Inside Sui's Network Turbulence: A Technical Post-Mortem
The Sui network recently faced a series of operational challenges, experiencing three distinct outages within a short timeframe. The core development team has conducted a thorough review and released a detailed account of the incidents.
The Catalyst: Unforeseen Interactions from an Upgrade
The initial two outages stemmed from a critical bug. It was triggered by an unforeseen interaction between the network's gas metering logic and the newly introduced "Address Balances" feature in the recent v1.72 upgrade. This interaction caused a crash that halted network consensus.
In response to the first outage, engineers deployed a temporary fix. The priority was to restore network availability swiftly while a permanent solution was being developed. The team was aware this interim patch carried a minimal risk of causing a subsequent failure but proceeded to minimize downtime.

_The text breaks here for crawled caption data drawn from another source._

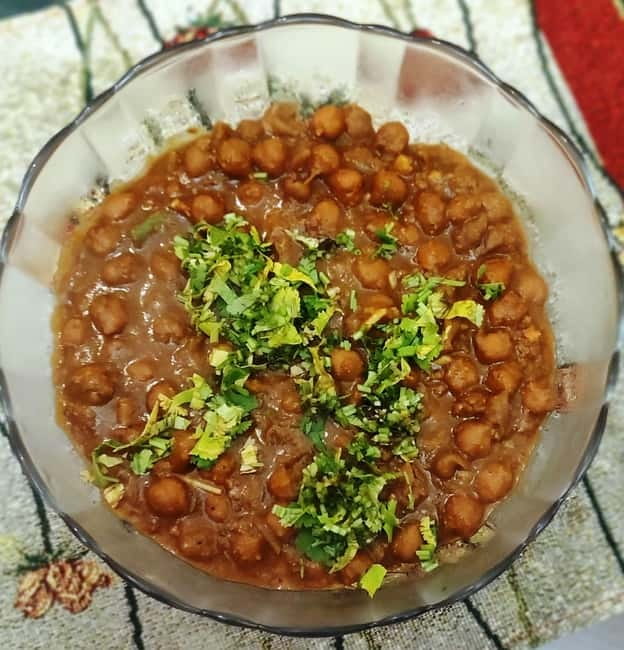New Delhi: Traditional Indian Cooking Class & Market Visit - Meeting Lubna in Friends Colony East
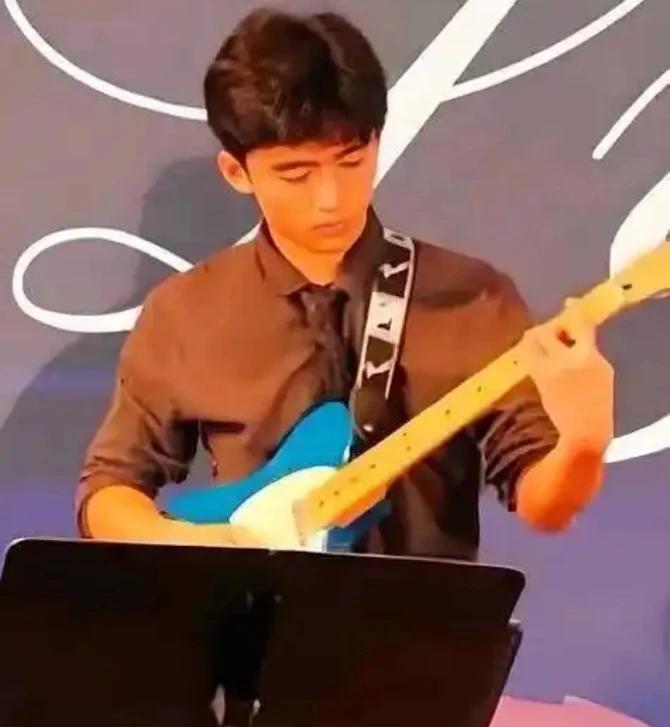 谢霆锋大儿子喜获澳大利亚音乐学院录取佳音，即将踏上音乐求学之旅，主修音乐开启艺术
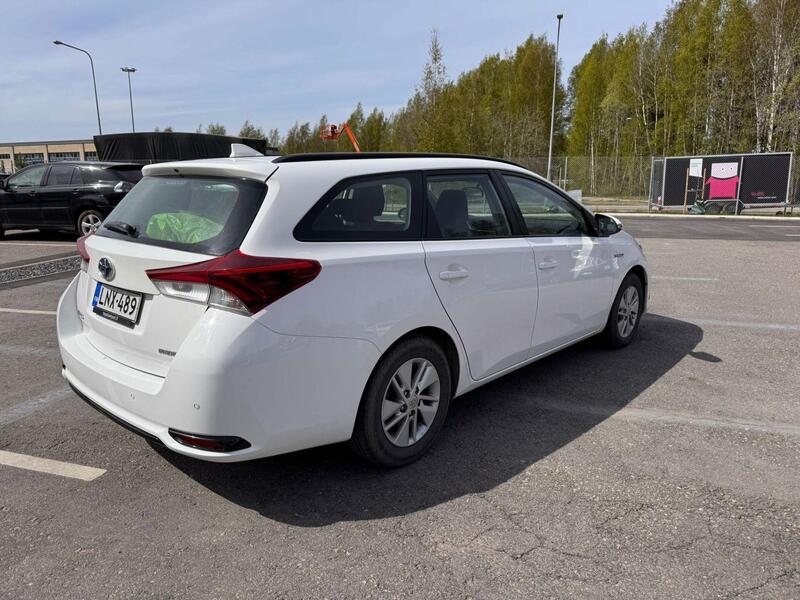 Toyota Auris vaihtoauto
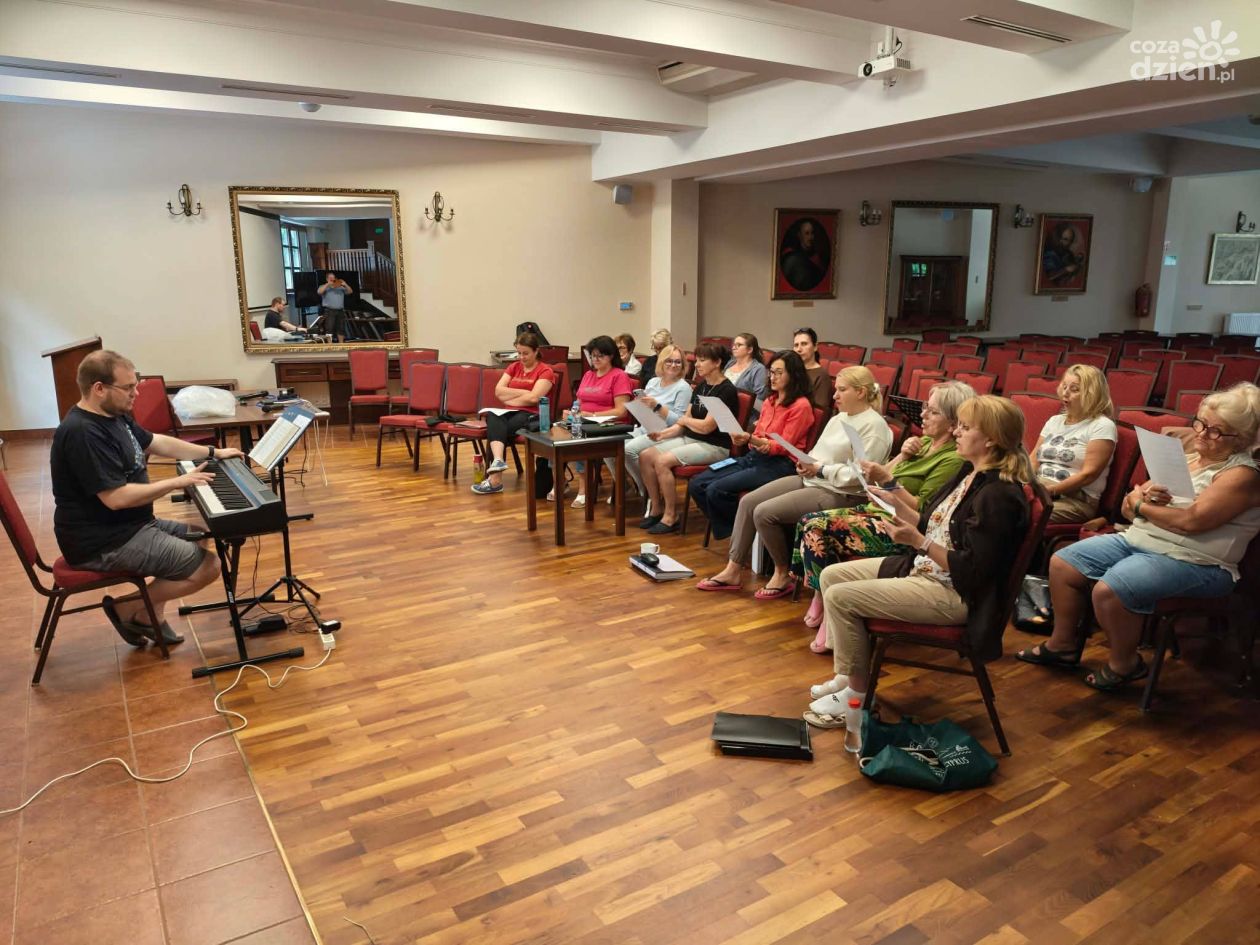 Muzyka w ogrodach sandomierskiego hotelu. Chór Cantata z Niepołomic wystąpi w Sandomierzu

This known risk materialized in a slightly different form the following morning, leading to the second network halt.
The Third Halt: A Latent Bug Surfaces
The third incident occurred during a scheduled epoch change. As validators restarted nodes to deploy the permanent fix for the earlier issue, a long-dormant bug related to randomness state persistence was inadvertently activated, causing another consensus failure.
Timeline and Key Impact
- Outage 1: Began Thu ~7:00 PT, recovered ~13:30 PT.
- Outage 2: Began Fri ~5:00 PT, recovered ~8:30 PT.
- Outage 3: Began Fri ~13:30 PT, recovered ~19:20 PT.
A paramount point emphasized throughout the event was the safety of user assets. No confirmed transactions were rolled back upon network recovery, preserving finality for all users.
Resolution and Path Forward
Validators have now successfully applied comprehensive patches that address the root gas charging bug and the randomness state flaw. Network operations have returned to normal. This episode underscores the intricate challenges of maintaining and upgrading complex blockchain protocols and the critical need for robust incident response protocols.